BEGIN Input data

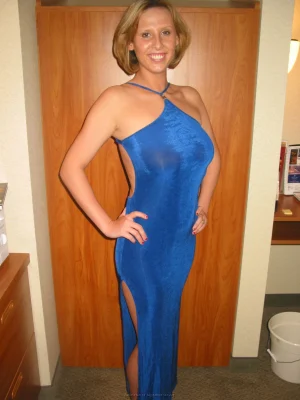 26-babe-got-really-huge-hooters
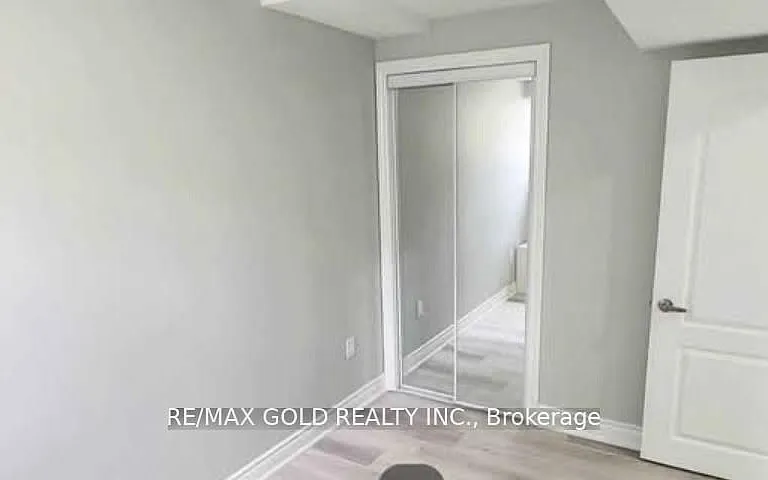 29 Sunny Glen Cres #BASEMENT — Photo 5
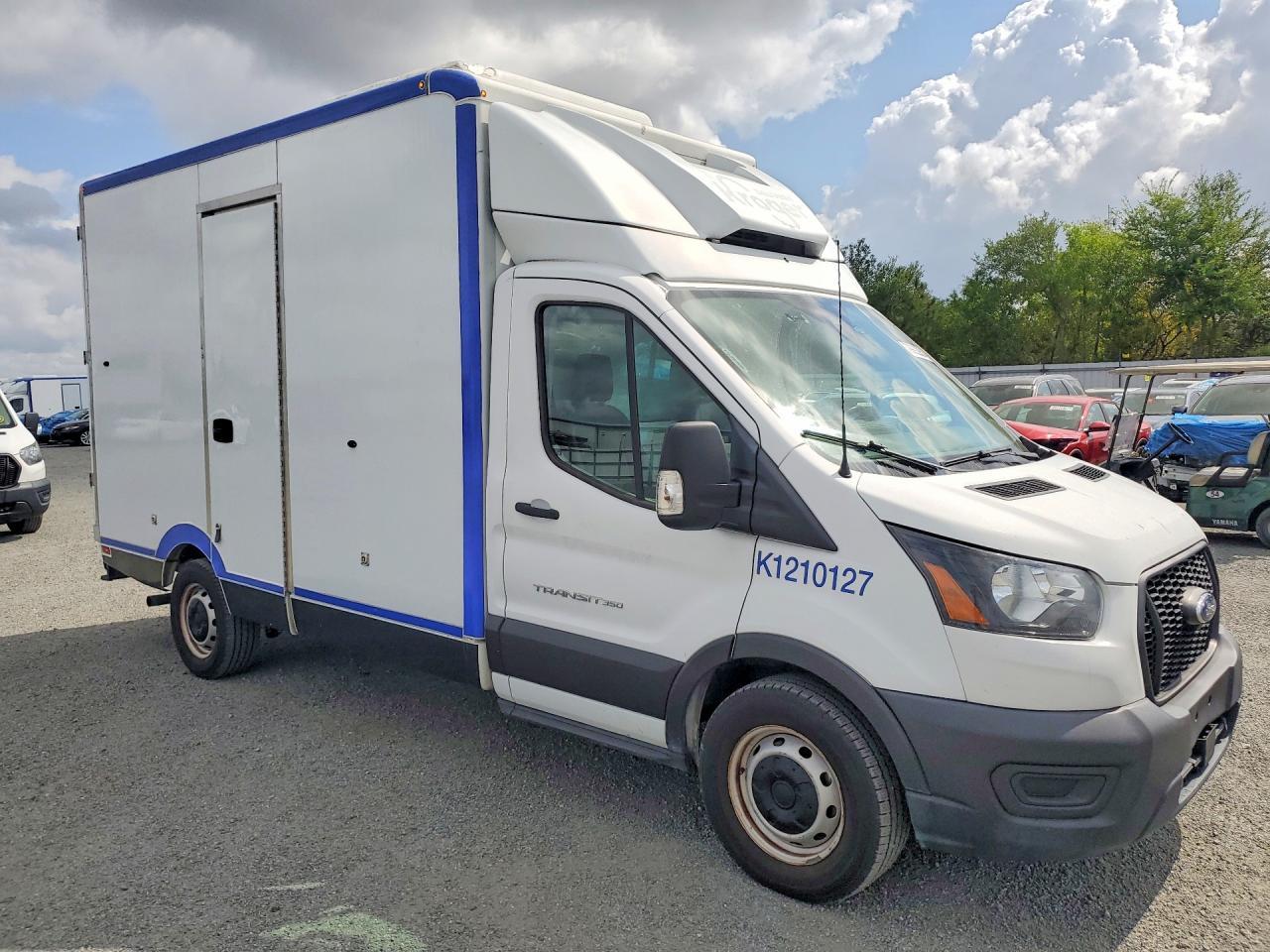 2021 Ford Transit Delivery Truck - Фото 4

END Input data

**Task to carry out:**
Restate the material word for word, minus pictures.

**Response below:**
 26-babe-got-really-huge-hooters
 29 Sunny Glen Cres #BASEMENT — Photo 5
 2021 Ford Transit Delivery Truck - Фото 4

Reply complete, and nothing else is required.